WORK ITEM: Your response must be the entire set of entries, reproduced word for word.

RECORDS SUPPLIED:
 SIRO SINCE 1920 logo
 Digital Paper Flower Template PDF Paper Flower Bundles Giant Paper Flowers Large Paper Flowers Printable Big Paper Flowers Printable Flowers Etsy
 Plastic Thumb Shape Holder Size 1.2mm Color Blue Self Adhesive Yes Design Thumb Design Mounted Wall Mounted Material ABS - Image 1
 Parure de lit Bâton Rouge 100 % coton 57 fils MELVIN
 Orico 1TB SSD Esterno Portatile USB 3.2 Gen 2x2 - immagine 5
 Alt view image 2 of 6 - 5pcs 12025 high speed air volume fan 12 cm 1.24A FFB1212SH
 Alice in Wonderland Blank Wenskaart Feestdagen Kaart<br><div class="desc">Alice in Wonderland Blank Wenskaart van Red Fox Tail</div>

FINISHED TASK:
 SIRO SINCE 1920 logo
 Digital Paper Flower Template PDF Paper Flower Bundles Giant Paper Flowers Large Paper Flowers Printable Big Paper Flowers Printable Flowers Etsy
 Plastic Thumb Shape Holder Size 1.2mm Color Blue Self Adhesive Yes Design Thumb Design Mounted Wall Mounted Material ABS - Image 1
 Parure de lit Bâton Rouge 100 % coton 57 fils MELVIN
 Orico 1TB SSD Esterno Portatile USB 3.2 Gen 2x2 - immagine 5
 Alt view image 2 of 6 - 5pcs 12025 high speed air volume fan 12 cm 1.24A FFB1212SH
 Alice in Wonderland Blank Wenskaart Feestdagen Kaart<br><div class="desc">Alice in Wonderland Blank Wenskaart van Red Fox Tail</div>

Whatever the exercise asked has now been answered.